POMPEII is a silly and formulaic movie, but it's a lot of fun.  Anderson is a director who uses extensive CGI but he puts care into it, ensuring that it doesn't look cartoonish like, say, Renny Harlin's recent THE LEGEND OF HERCULES.  POMPEII boasts a $100 million budget, and it's pretty much all up there on the screen.  While the CGI is unavoidable, there's also elaborate sets that really lend legitimate atmosphere and help convey the feeling of an ancient era.  It still doesn't look as good as THE TEN COMMANDMENTS or SPARTACUS, but this is another time and for better or worse, CGI is just how it's done now, and to Anderson's credit, he doesn't cut corners in the visual presentation.  The storyline and character arcs offer little in the way of surprises, but true to his style-over-substance methods, Anderson makes sure the audience gets what it came for:  action, fight scenes, romance, outstanding visual effects, and even some humor (watch one particularly loathsome character get hit with a fireball that Vesuvius seems to be aiming right at him).  Harington and Browning aren't the most dynamic leads and Moss has almost nothing to do, but veteran character actor Akinnuoye-Agbaje steals every scene he's in and he and Harington convincingly convey the camaraderie and mutual respect in their newly-formed alliance.  They aren't quite Kirk Douglas and Woody Strode in SPARTACUS, but they do a nice job.  The biggest misstep POMPEII makes is the horrible miscasting of Sutherland as Corvus.  Given the pulpy nature of the project, Corvus is a character that doesn't demand full-blown self-parody but really needs some over-the-top scenery-chewing.  Sutherland seems torn between playing it straight and hamming it up and ends up somewhere in an inert middle that never really works.  If you're going to play a preening, pompous Roman senator and you opt to use a lisp and a vaguely Irish brogue, then you may as well just completely throw yourself into it.  Ultimately, Sutherland never looks comfortable and his stilted performance--a Razzie nomination is inevitable--comes off like he's doing a restrained, monotone impression of Dr.
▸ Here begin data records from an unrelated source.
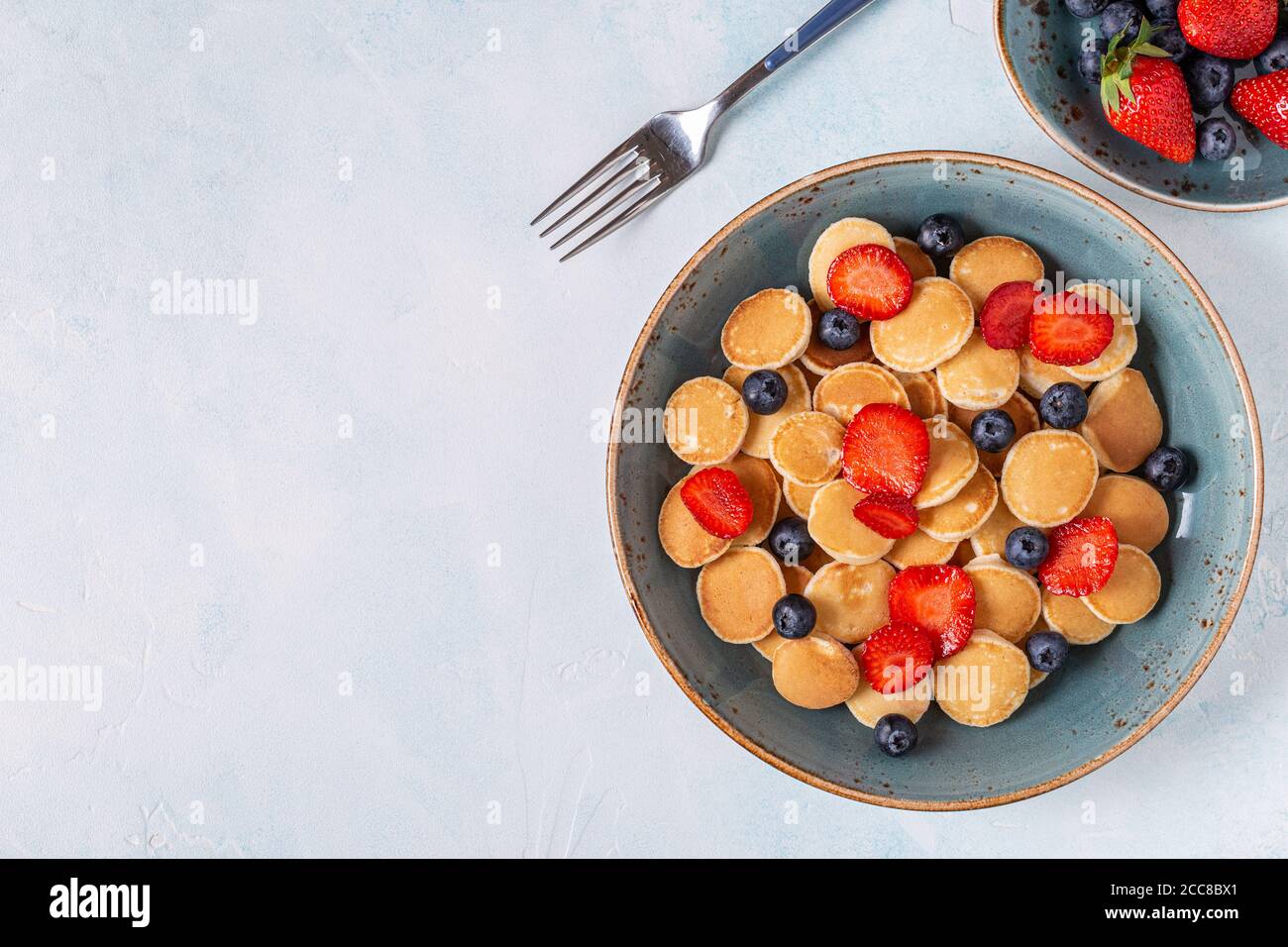 Colazione alla moda con mini pancake, mirtilli e fragole, vista dall'alto. Foto Stock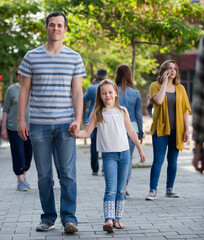 Obraz premium .Cheerful father with little glad daughter walking in the park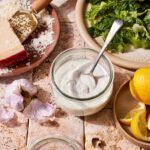 A bowl of the healthy Caesar salad dressing, sitting on a countertop, surrounded by different ingredients needed to make the dressing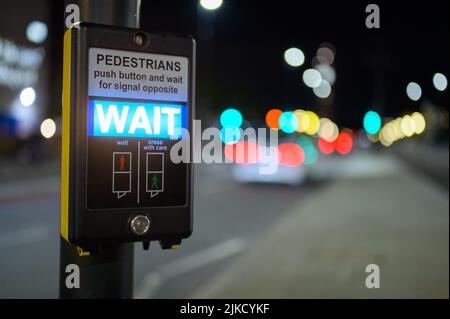 Pedestrian crossing button and illuminated wait sign with out of focus traffic in the background Stock Photo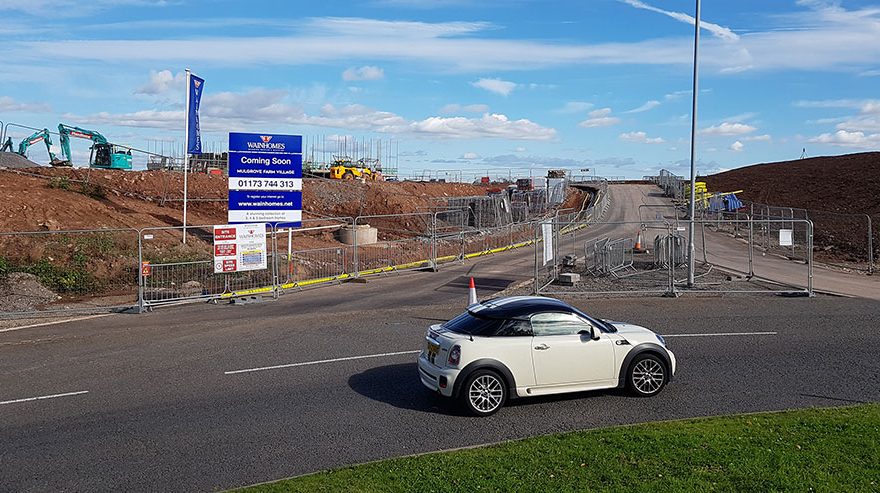 Photo of the entrance to a housing development.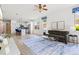 A well lit living room and kitchen area with stainless steel appliances and hardwood floors at 5004 Creekside Trl, Sarasota, FL 34243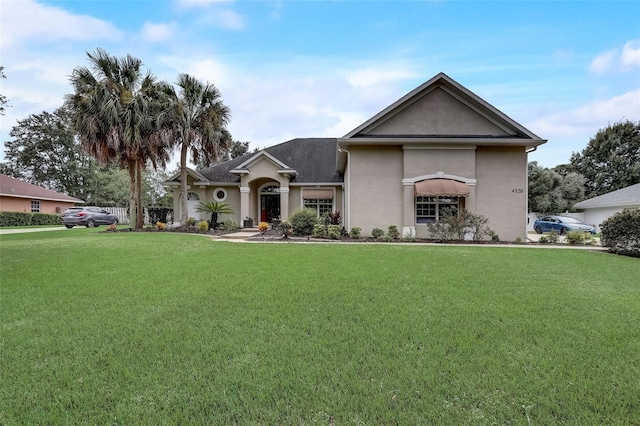 view of front of house with a front lawn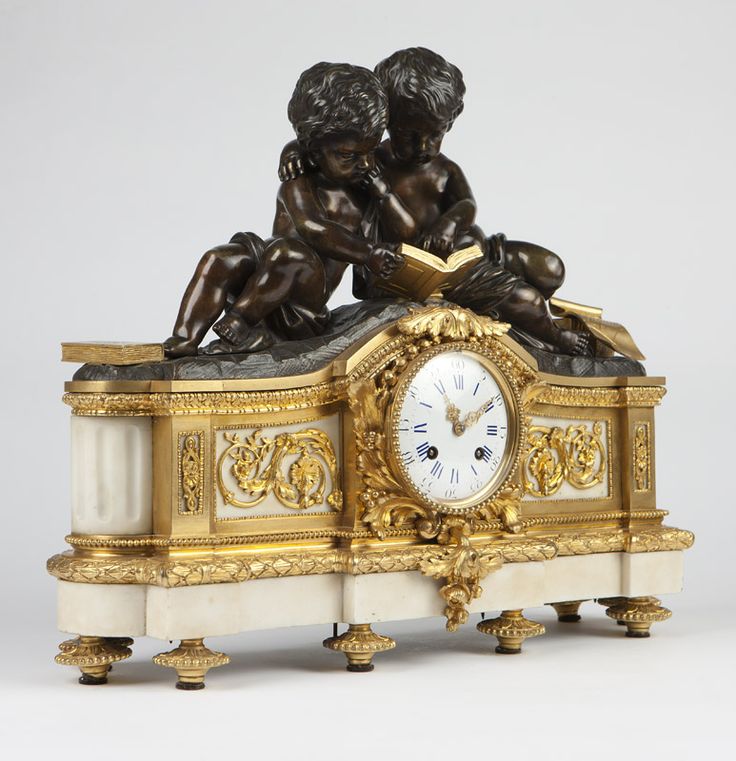 A French patinated & gilt-bronze figural clock. Late 19th century, the twin-trai...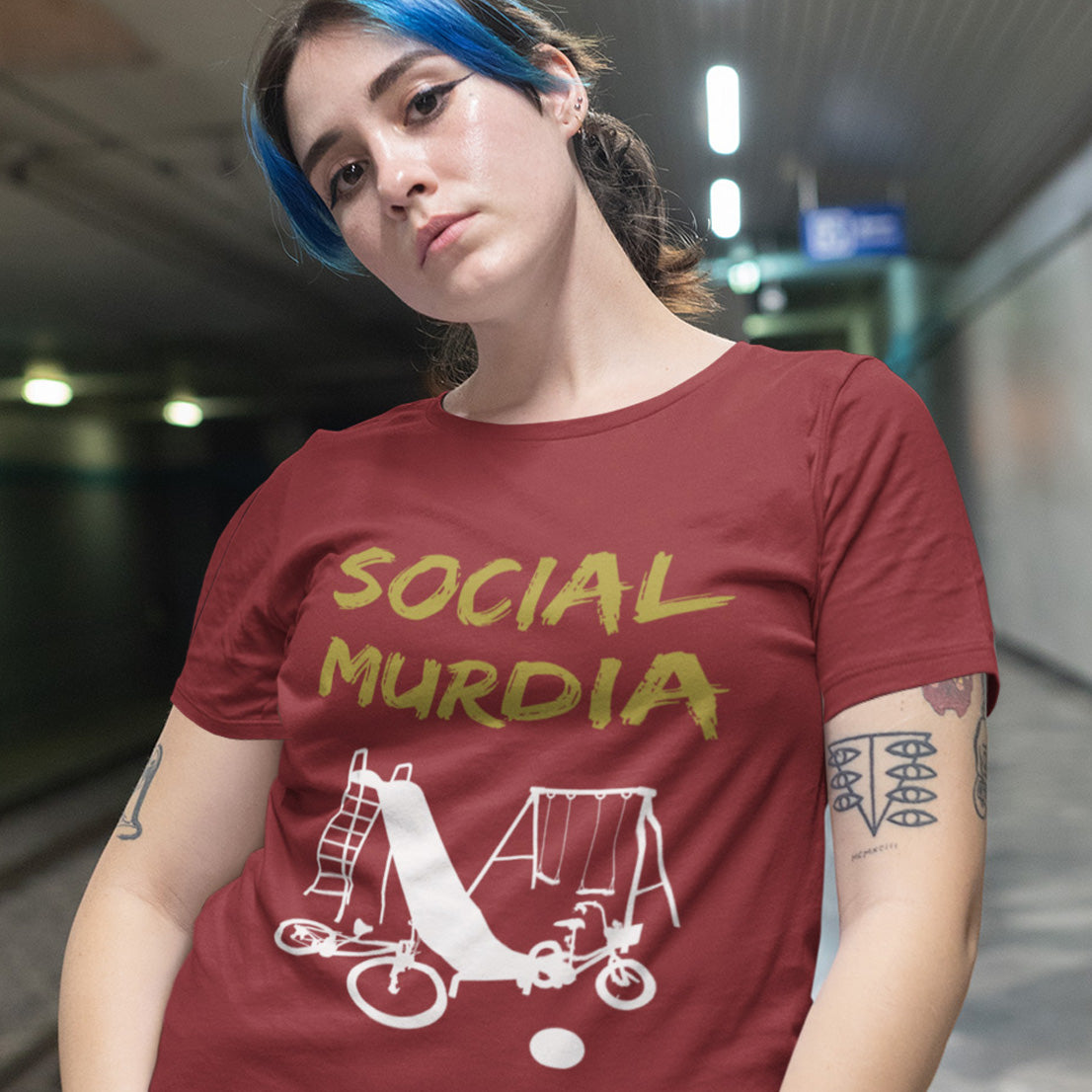 Person wearing a burgundy t-shirt with 'SOCIAL MURDIA' text and graphic design. This anti mobile phone abuse t shirt promoting social awareness of the effect of social media on our children. A unique design depicting how social media is probably murdering our society and leaving our playgrounds empty. Made from 100% organic ring-spun cotton, this anti social media t shirt is unisex, high-quality, super comfy, and best of all, eco-friendly.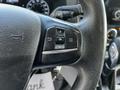 Close-up of the steering wheel controls of a 2021 Ford Transit featuring buttons for navigation and settings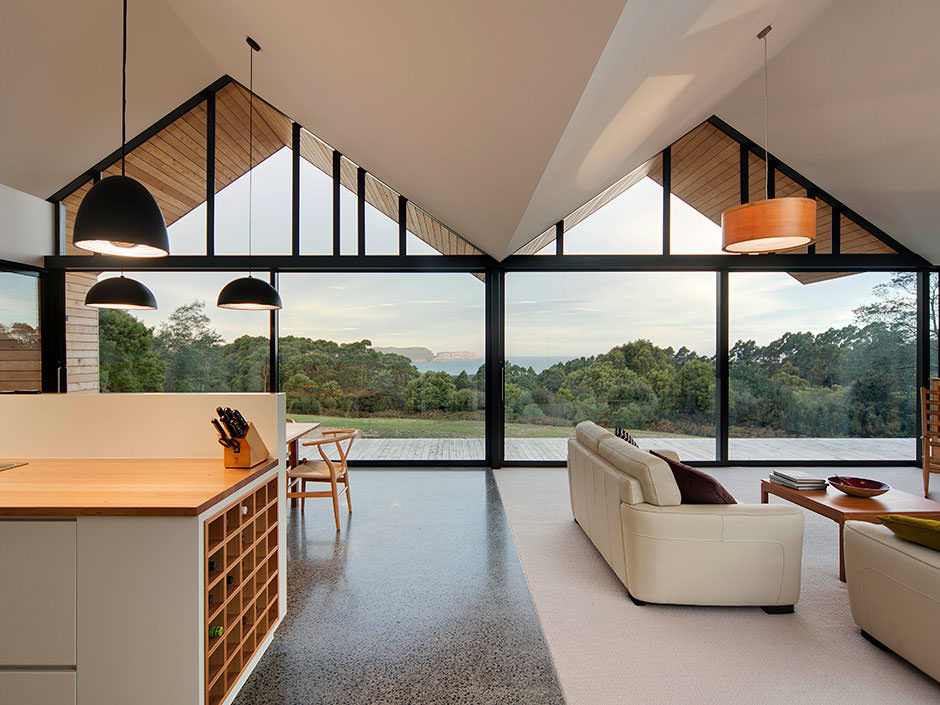 Peaks and troughs of gable roofs defining living spaces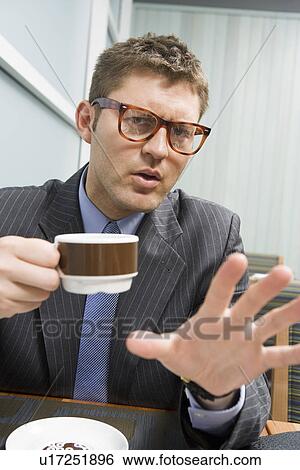 Stock Photograph - Businessman drinking coffee on business lunch. Fotosearch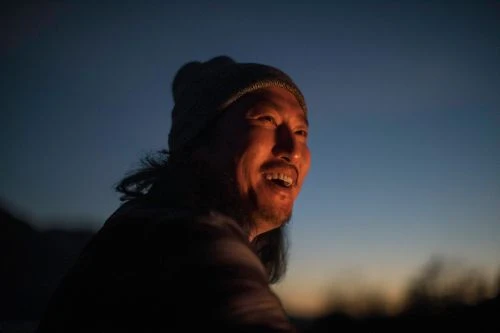 Close-up of Asian adult male wearing a beanie hat and smiling outdoors at night against a dark blue sky.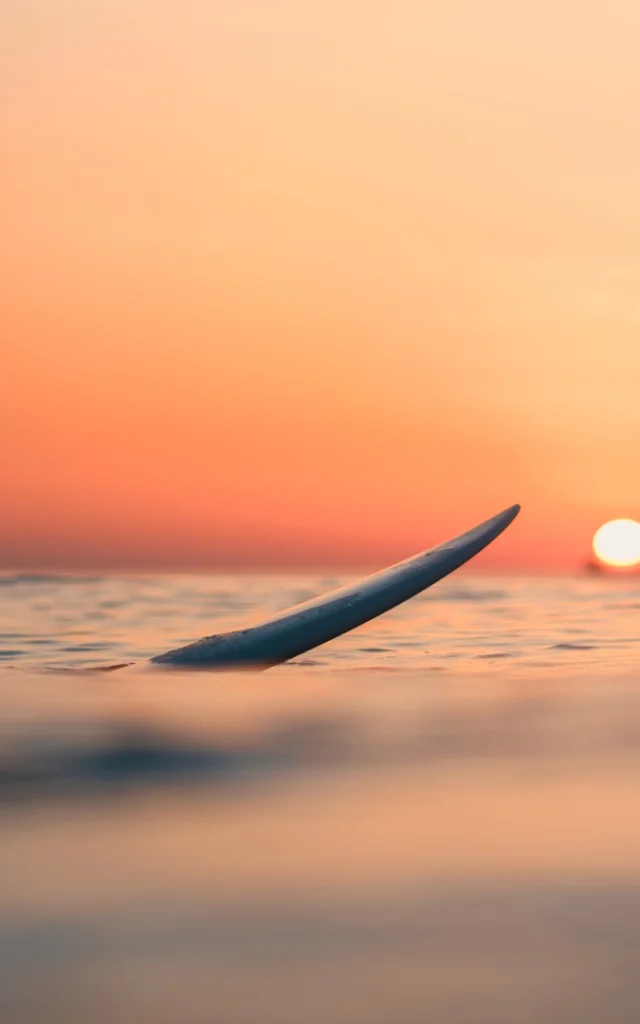 A surfer on the ocean with the breathtaking sunset in the sky in the background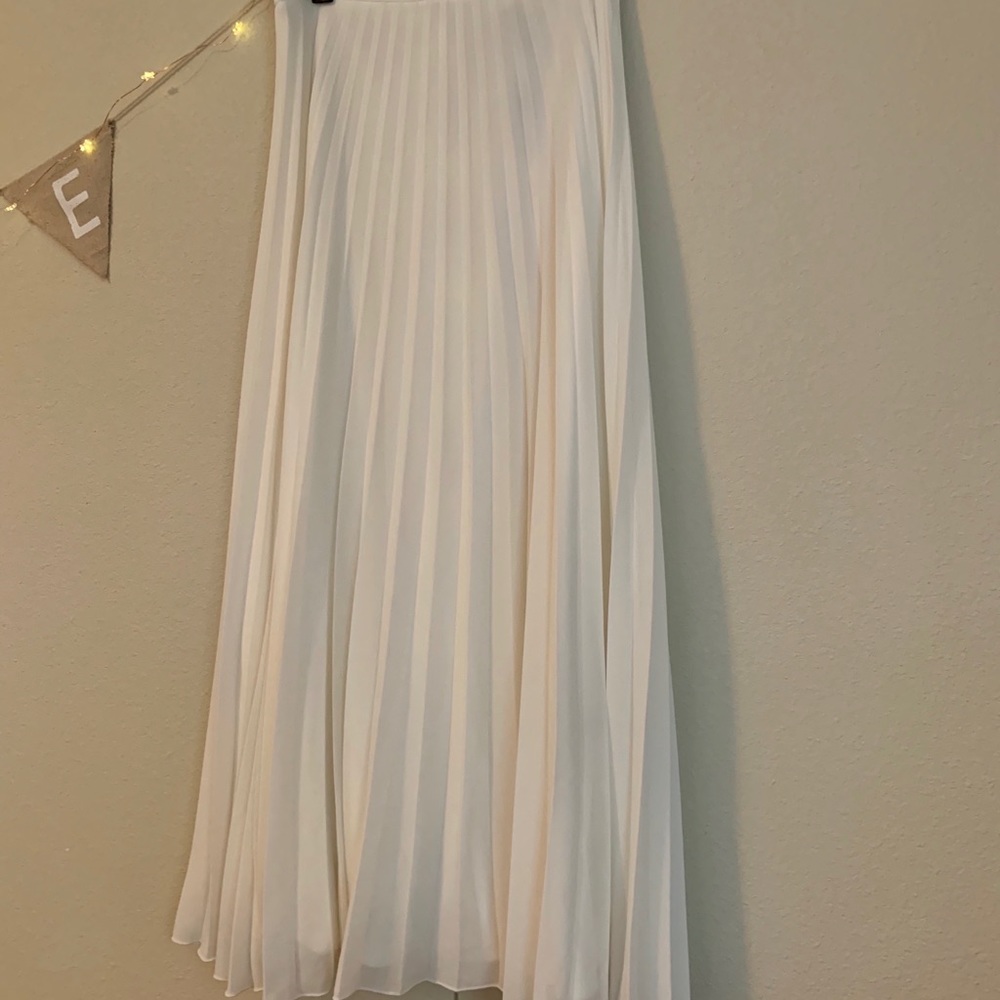 Long creamy white skirt. New with tags. Size 8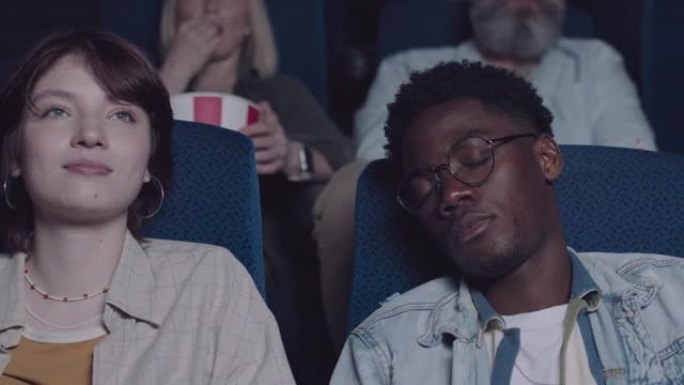 年轻女子和她昏昏欲睡的男友在电影院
Evil's ancient Roman ancestor.  Not since Jason Robards' deer-in-the-headlights portrayal of Brutus in 1970's JULIUS CAESAR has a good actor come off so badly in this type of setting.


If you aren't a fan of Anderson's past work, this isn't likely to change your opinion, but if you can take his films at face value and just appreciate his newest effort for the commercial genre fare that it is, POMPEII makes for a good guilty ple...uh, I mean, entertaining popcorn movie that you shouldn't have to concoct excuses for enjoying.